==== Supplied material
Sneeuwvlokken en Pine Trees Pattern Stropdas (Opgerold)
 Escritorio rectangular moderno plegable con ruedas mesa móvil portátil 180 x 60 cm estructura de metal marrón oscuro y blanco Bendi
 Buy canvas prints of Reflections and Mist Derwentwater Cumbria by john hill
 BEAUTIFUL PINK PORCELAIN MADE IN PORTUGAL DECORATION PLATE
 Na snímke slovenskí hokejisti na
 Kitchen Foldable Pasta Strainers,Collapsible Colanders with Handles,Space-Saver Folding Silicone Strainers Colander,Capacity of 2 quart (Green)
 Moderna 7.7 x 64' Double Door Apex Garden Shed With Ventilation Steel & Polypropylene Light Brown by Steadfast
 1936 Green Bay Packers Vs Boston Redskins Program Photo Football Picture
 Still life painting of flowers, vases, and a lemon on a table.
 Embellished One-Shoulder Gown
========
[Work item] Repeat the data in full. Nothing may be dropped or altered.

[Solution to this task]
Sneeuwvlokken en Pine Trees Pattern Stropdas (Opgerold)
 Escritorio rectangular moderno plegable con ruedas mesa móvil portátil 180 x 60 cm estructura de metal marrón oscuro y blanco Bendi
 Buy canvas prints of Reflections and Mist Derwentwater Cumbria by john hill
 BEAUTIFUL PINK PORCELAIN MADE IN PORTUGAL DECORATION PLATE
 Na snímke slovenskí hokejisti na
 Kitchen Foldable Pasta Strainers,Collapsible Colanders with Handles,Space-Saver Folding Silicone Strainers Colander,Capacity of 2 quart (Green)
 Moderna 7.7 x 64' Double Door Apex Garden Shed With Ventilation Steel & Polypropylene Light Brown by Steadfast
 1936 Green Bay Packers Vs Boston Redskins Program Photo Football Picture
 Still life painting of flowers, vases, and a lemon on a table.
 Embellished One-Shoulder Gown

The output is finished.